Sign your electricity contract in good time
Do you need a totally new contract? Or do you already have one that you just need to get transferred to your new place?
Notify the electricity seller at least two weeks before the move, both when signing a new contract or when transferring an old one.
You moved and forgot the electricity?
Contact an electricity company straight away, if you forgot the electricity. Although electricity can be switched on easily during office hours, there is usually an additional fee for a quick reconnection. Even the smallest payment can make a big dent in a student’s budget and equal many months of electricity fees.
What kind of electricity contracts are there?
Electricity contracts can be divided into two main categories. Below is a comparison of the two most common types of contracts.
In a fixed-term and fixed-price contract, the electricity price stays unchanged throughout the contract period. Note that the contract can’t be terminated or replaced during the contract period. Such a plan equals e.g. to a fixed interest rate on a mortgage.
When you have a somewhat consistent usage, you’ll know exactly how big your electricity bill is. A fixed-price doesn’t require you to monitor the power market. If you get a good deal on a fixed-price, it can be a very good option, especially with prices rising during the cold and dry seasons.
Market priced or variable rates
Electricity plans at market prices are often on-going contracts, where the price of electricity varies hourly, or monthly, according to the prices on the power exchange Nord Pool. If you have a market priced contract, you pay little when electricity is cheap and more when electricity is expensive. This type of contract can be ended at any time.
Variable rate contracts are popular with students because their consumption is often small. If you actively follow the prices on the power market, you can steer your usage to those hours that are cheaper.
But beware! When the prices go up, so does your electricity bill.
Statistically seen over time the variable rate is a rather favorable option, since the highs and lows level each other out.
Let's stop the climate change together!
A lot of hydropower is produced throughout the Nordic region, so investing in renewable energy doesn't set back your student budget all that much.
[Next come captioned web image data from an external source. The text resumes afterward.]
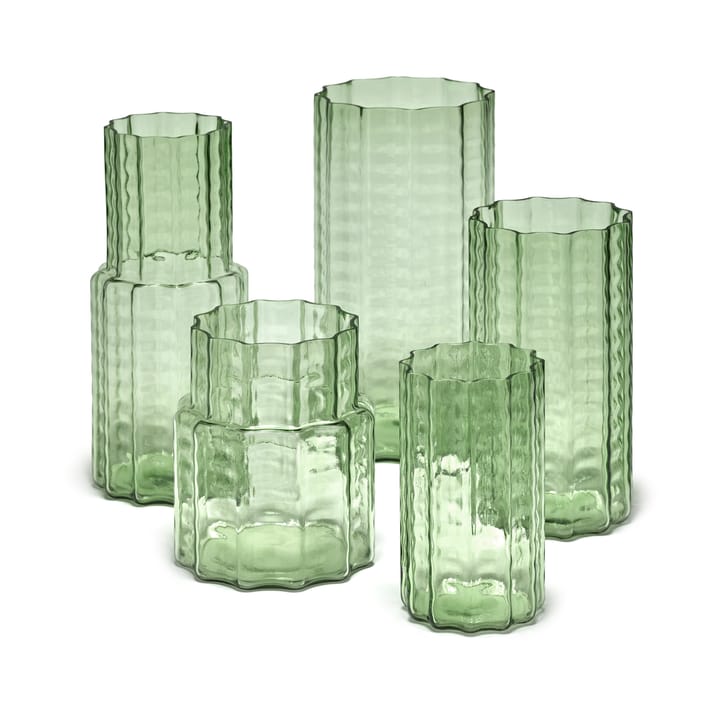 Waves 01 vase 21 cm, Green-clear Serax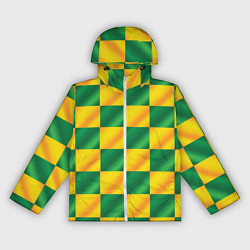 Ветровка с капюшоном женская Желтый и зеленый геометрический паттерн, цвет: 3D-белый
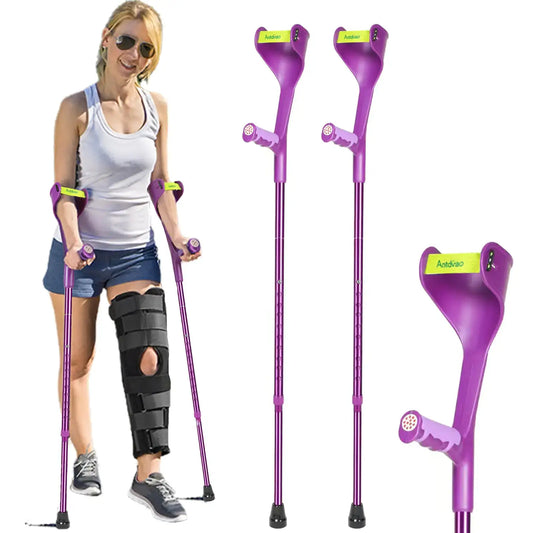 Purple forearm crutches with ergonomic grips and non-slip design for comfortable use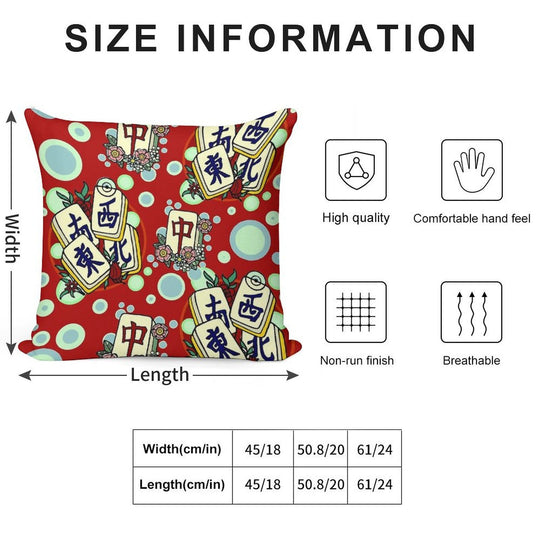 Mah Jongg Pattern Soft Gift Ready Throw Pillow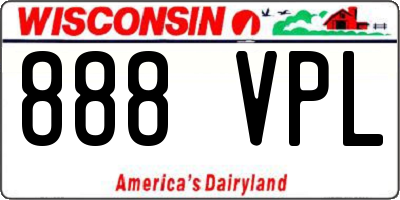 WI license plate 888VPL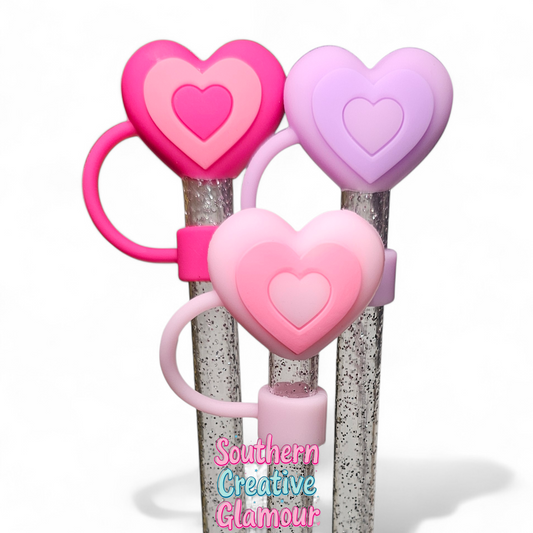 3D Heart 10mm Straw Topper  | Straw Cover by Southern Creative Glamour 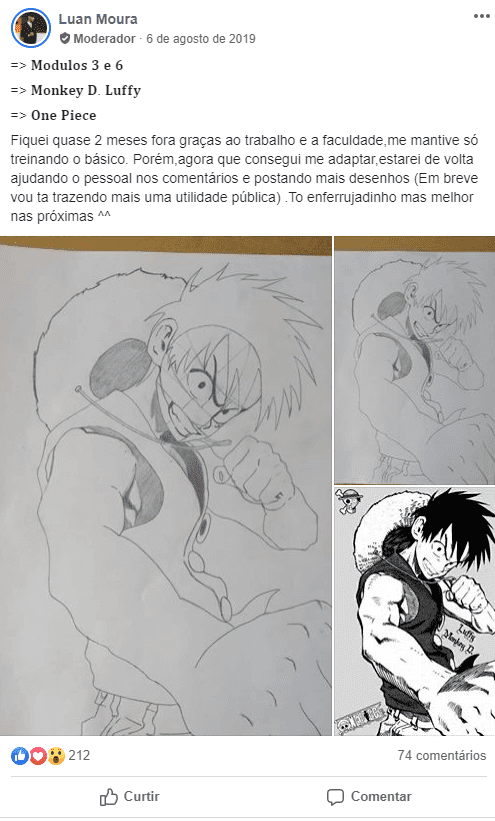 Depoimento dos alunos sobre o curso com um desenho do naruto e sasuke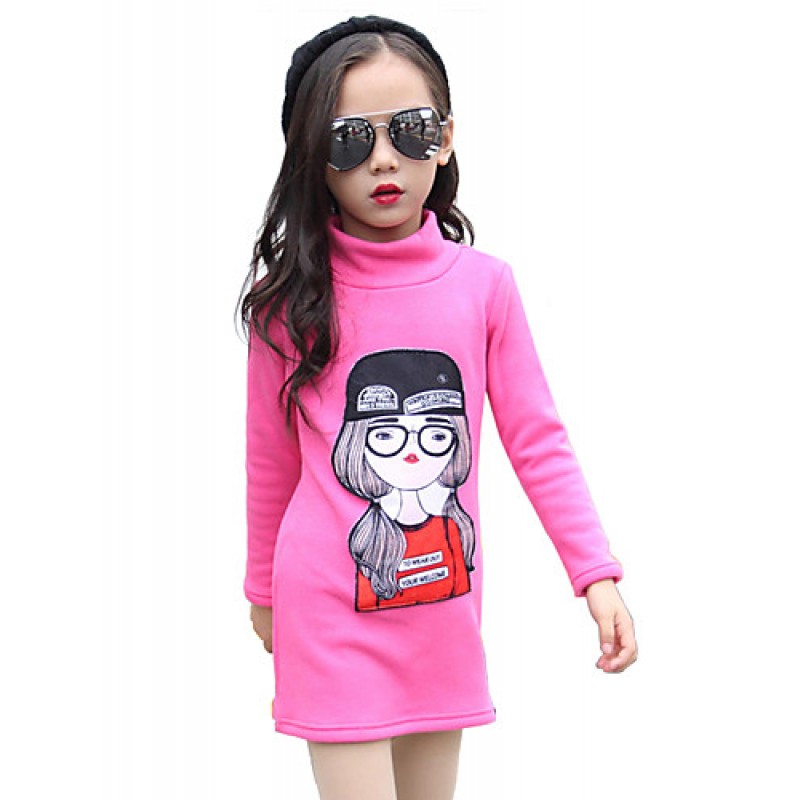 Girl Cotton Fashion Spring/Fall/Winter Going out/Casual/Daily Cartoon Print Turtleneck Long Sleeve Thicken Sweatshirt  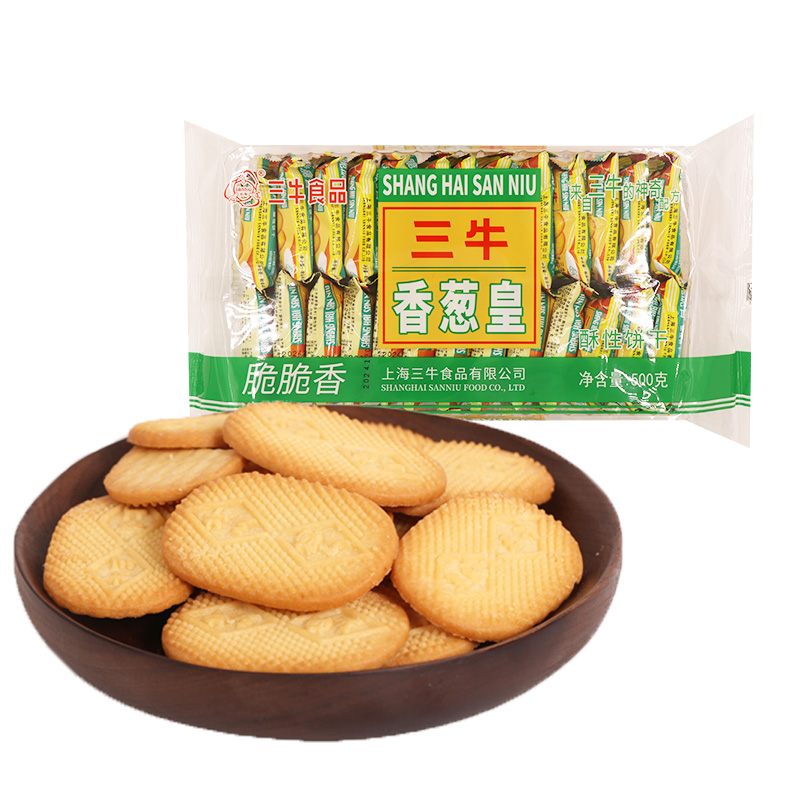 三牛香葱皇饼干500g×4香葱味零食早餐休闲食品 内含独立小包装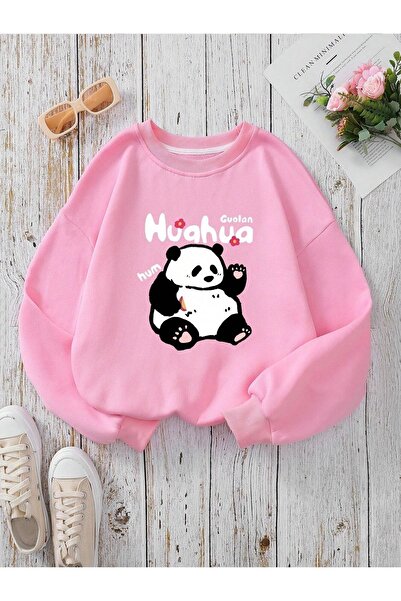 coolart Huahua Panda Kışlık Kalın Sweatshirt - Toz Pembe Baskılı Oversize Şar...
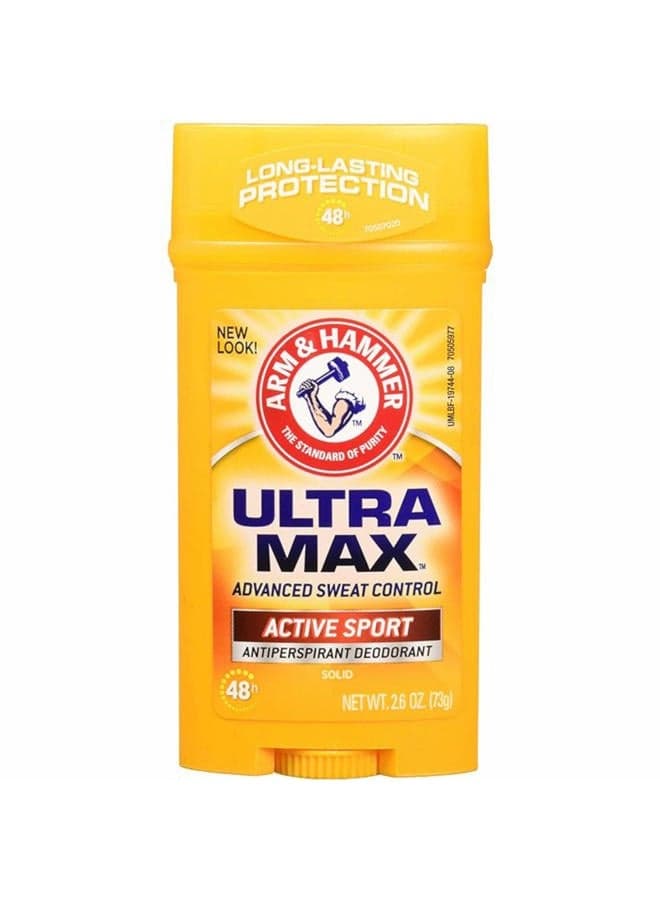 ARM & Hammer Ultramax Solid Antiperspirant Deodorant Active Sport 2.6 Oz (Pack of 4)
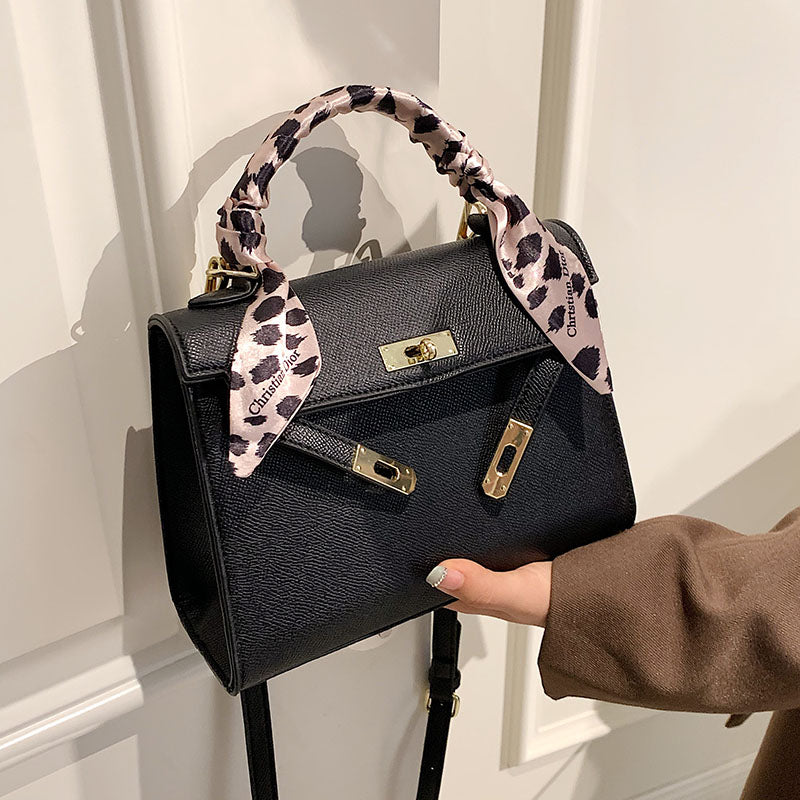 Leather Silk Scarf Handle Handbag, , women clothing, leather-silk-scarf-handle-handbag, , fairypeony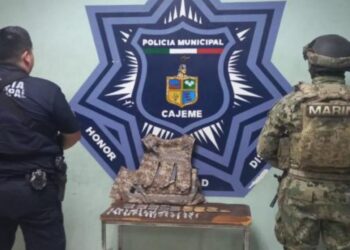 Policía Municipal y Marina localizan cartuchos y presuntos narcóticos en Cajeme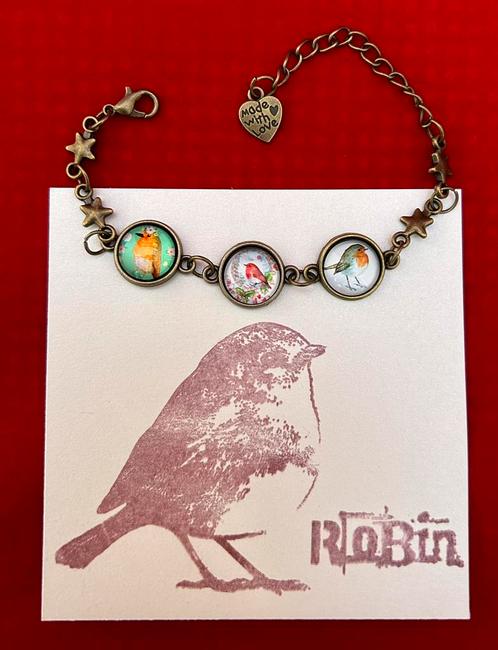 Koperkleur armband met 3 roodborstbedels, Sieraden, Tassen en Uiterlijk, Armbanden, Nieuw, Ophalen of Verzenden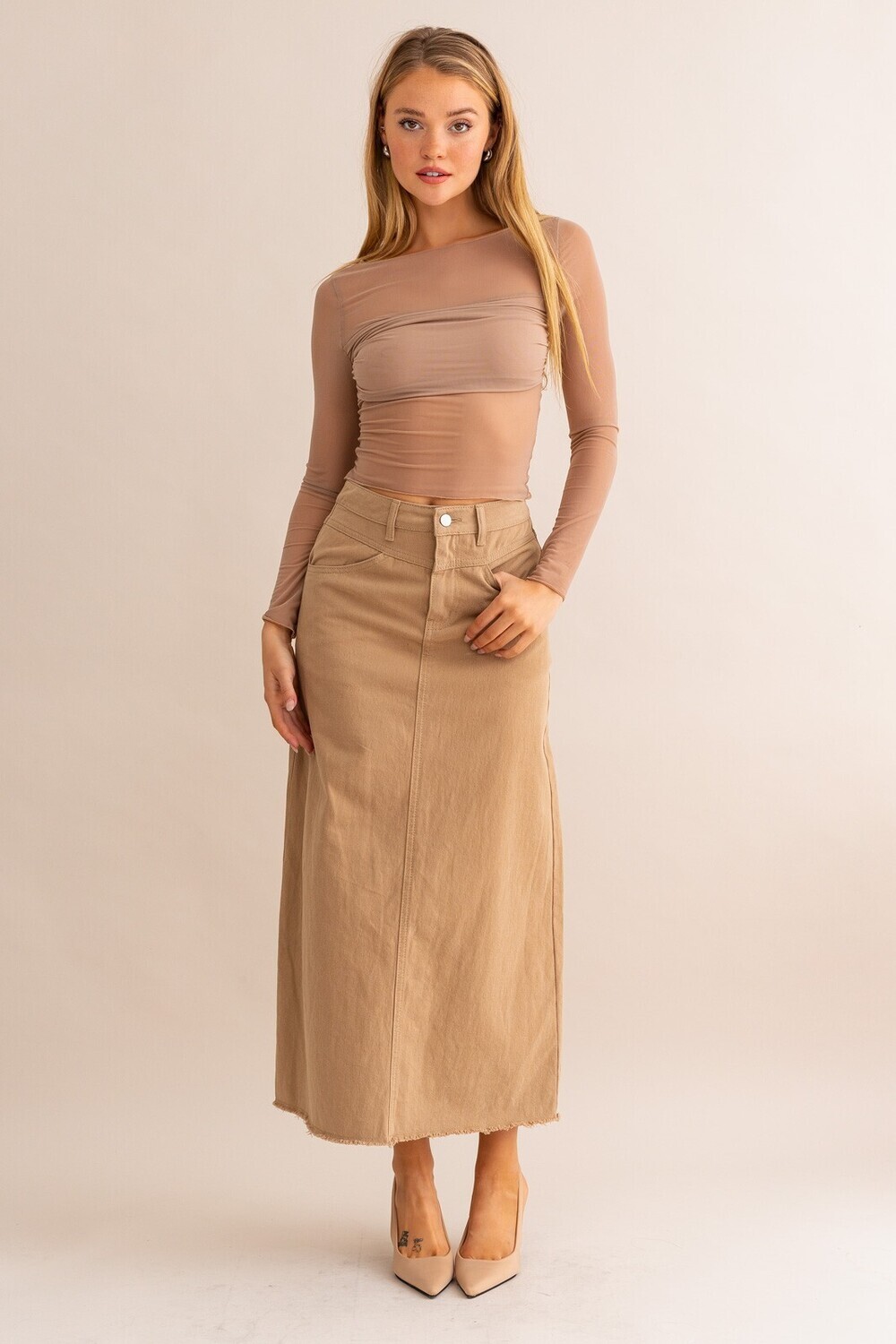 Khaki A-Line Maxi Skirt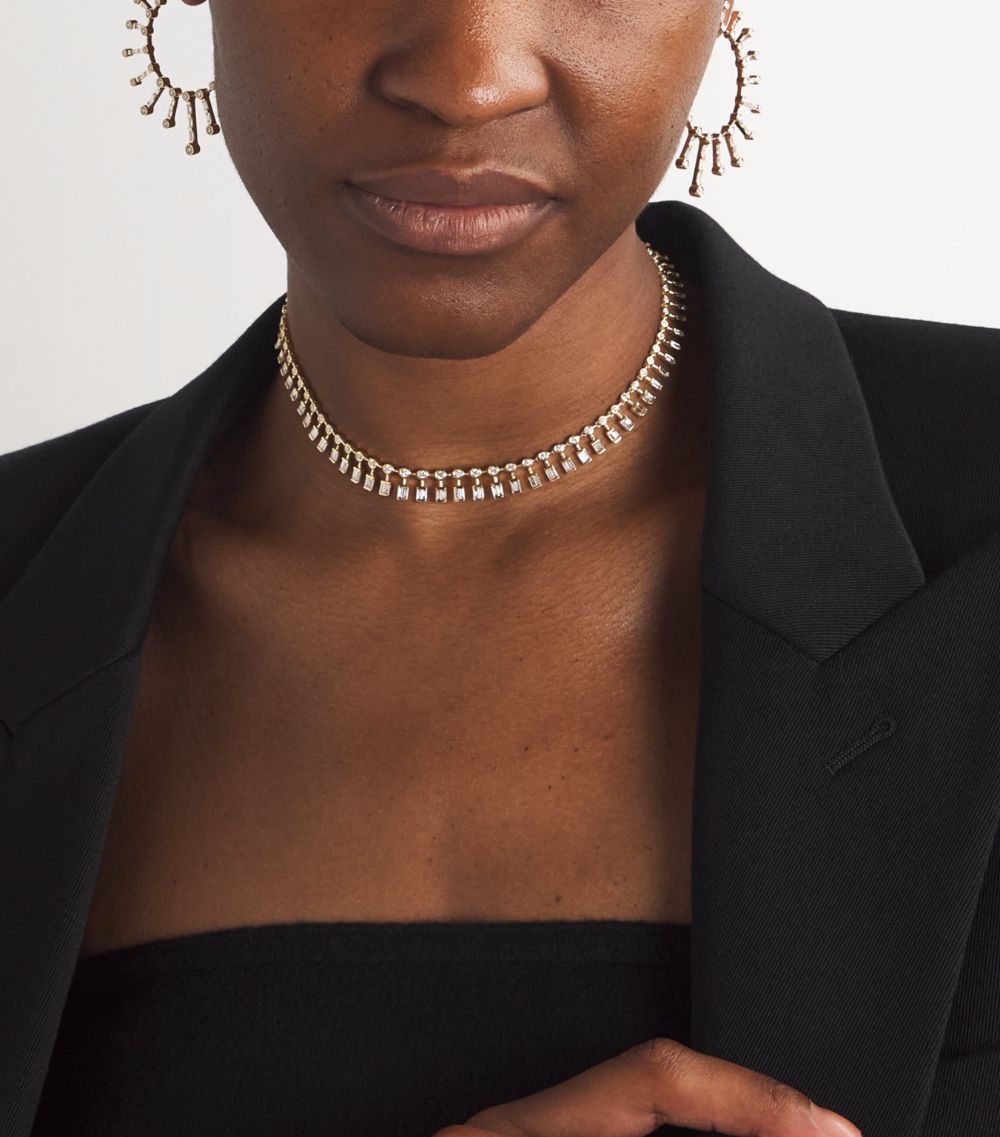 Yellow Gold And Diamond Dot-Dash Choker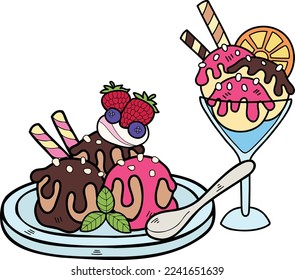 Hand Drawn Chocolate and Lime Ice Cream illustration isolated on background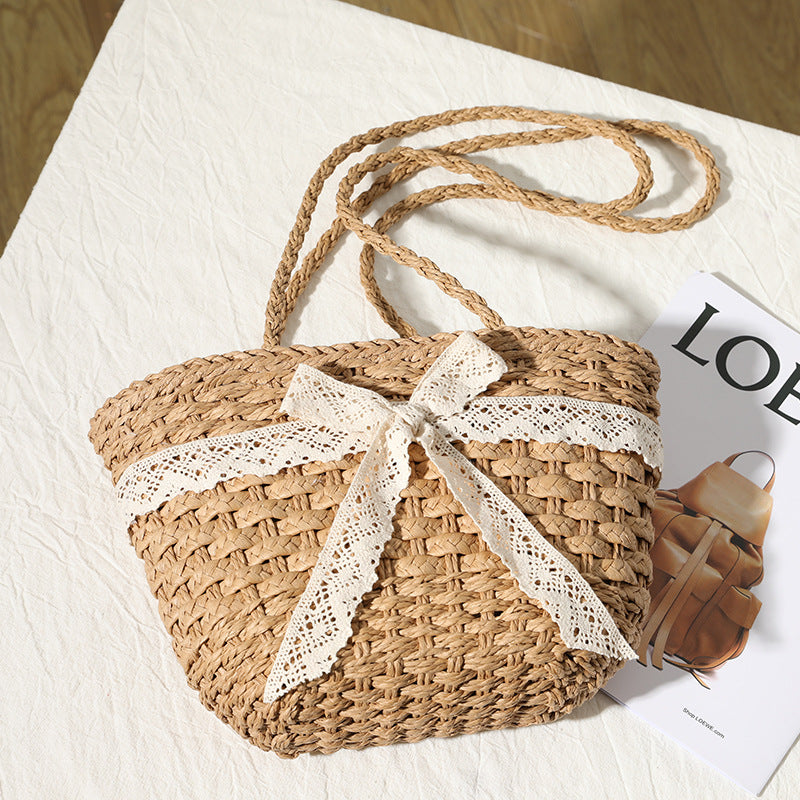 Straw Bag Lace Bow Woven Bag Fairy Seaside Vacation Beach Bag Women Bag EaseWoven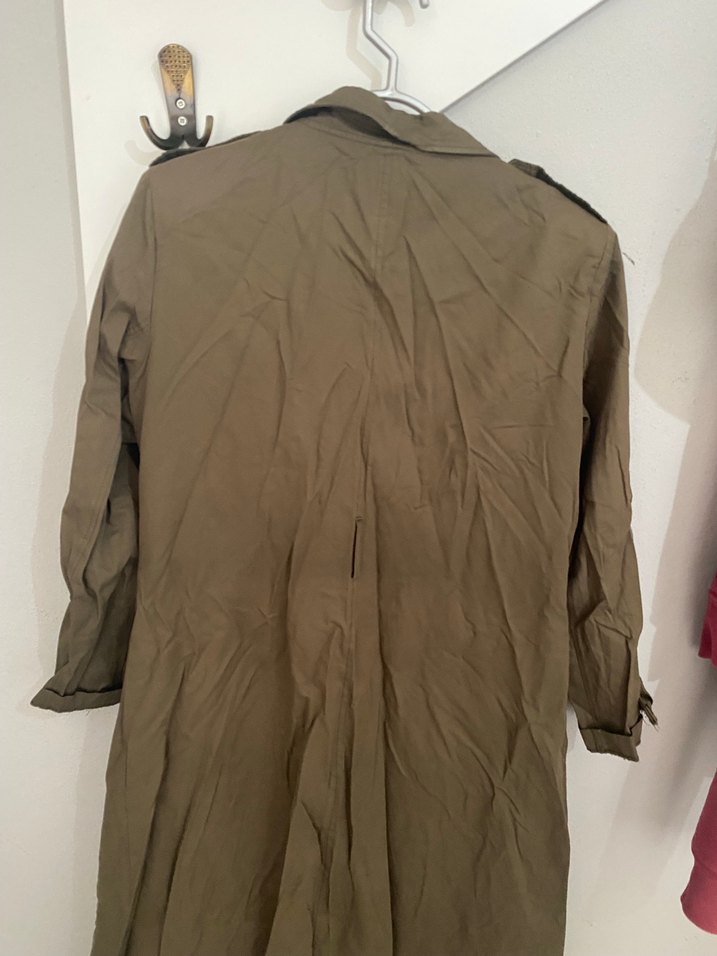 Bej Midi Kadın Trençkot, Düğmeli, İnce Kesim - Görsel 3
Choose a zero-emission energy source to help stop, or at least not increase, the climate change!
Wind power certified by the Finnish Association for Nature Conservation is the best choice for the environmentally conscious. Choosing EKOenergy will increase the electricity bill of a small apartment by about 1–2 euros a month.
Produced by hydropower, wind, solar and nuclear power. This option is a good investment in zero-emission energy and can be at the same level of cost as mixed electricity.